If you want to edit the images before you upload them, MS Paint works relatively well for removing anything you don't want to display. Even if you don't save the image, if the Snipping Window is still active the image is saved temporarily in the clip board so it's ready to paste directly into MS Paint or PowerPoint by right clicking the mouse and selecting Paste. Or just use the past short-cut [Crtl]+[V].

I use PowerPoint for most of my posts since it offers text bubbles, arrows and shapes which I can add to point out highlights or specific details.

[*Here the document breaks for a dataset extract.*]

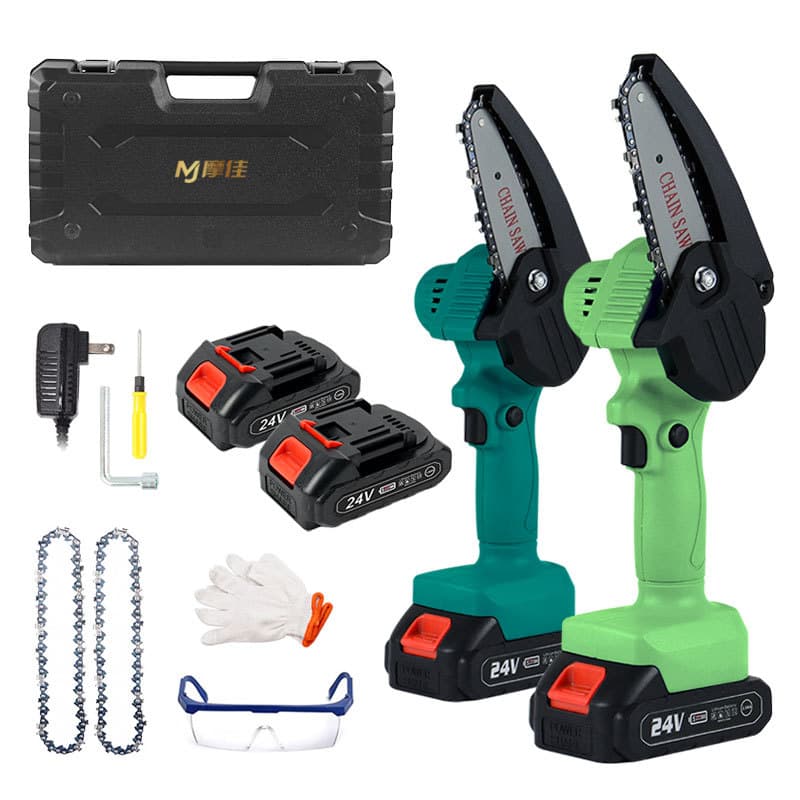 Mini Cordless Rechargeable Lithium Battery Chainsaw Woodworking Saw Hand Electric Saw Garden Logging Saw One-Hand Chainsaw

By placing the image in PowerPoint, you can edit the image as you'd like and then use the Snipping Tool again to capture the modified image, save and upload it with the changes.

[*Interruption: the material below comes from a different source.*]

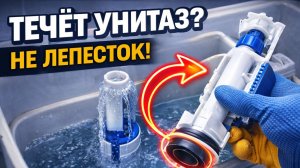 Постоянно течёт унитаз? Не лепесток! Реальная причина  заливной клапан | Ремонт бачка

By making additional Snips, you can easily create an image-within-an-image. This is really useful when trying to describe a small feature within the context of it's location relative to what's around it. You'll find using PowerPoint and the Snipping Tool make this really easy to do. You can snip from the original image to zoom in or snip from a completely different image to provide additional information about an item as shown below.

















*Correcting Image Orientation and File Size*

There are two common problems often associated with uploaded images; orientation and file size.

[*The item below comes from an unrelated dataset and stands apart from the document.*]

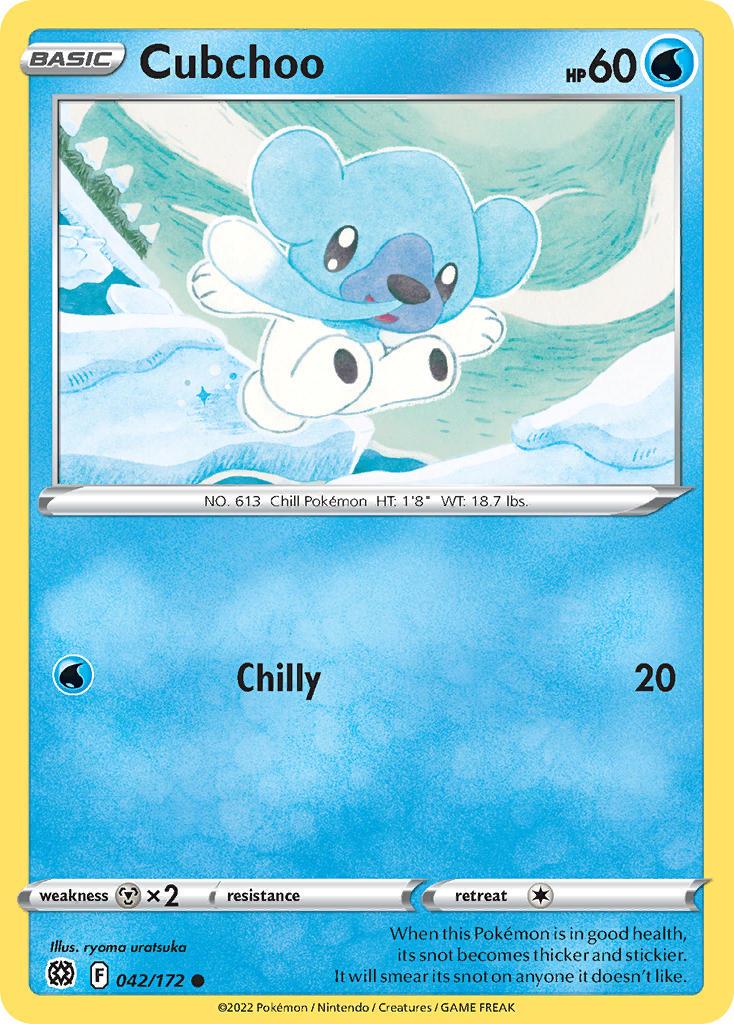 2022 Pokemon Trading Card Game Brilliant Stars Set List 042 Cubchoo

The first problem is correct orientation. An image will look okay when you upload it but when you click on the image after you've posted it, the image will be rotated 90°. This is pretty common with iPhone images if they are uploaded directly into your post.

To prevent this, view the image on your PC as large as will fit your screen. Use the Snip tool and create/save a new image. Save the new image file to your desktop (or preferred folder) and upload it to your post. This will also prevent the image from being posted with metadata which can include the GPS coordinates of the photo's location, the date and time it was taken.









If the image file size is too small (e.g. less than 30KB), the image will be displayed with the file name and file size data listed directly below the image. When you click on it, the image will not enlarge. Be sure your file size is large enough to display properly to avoid this problem.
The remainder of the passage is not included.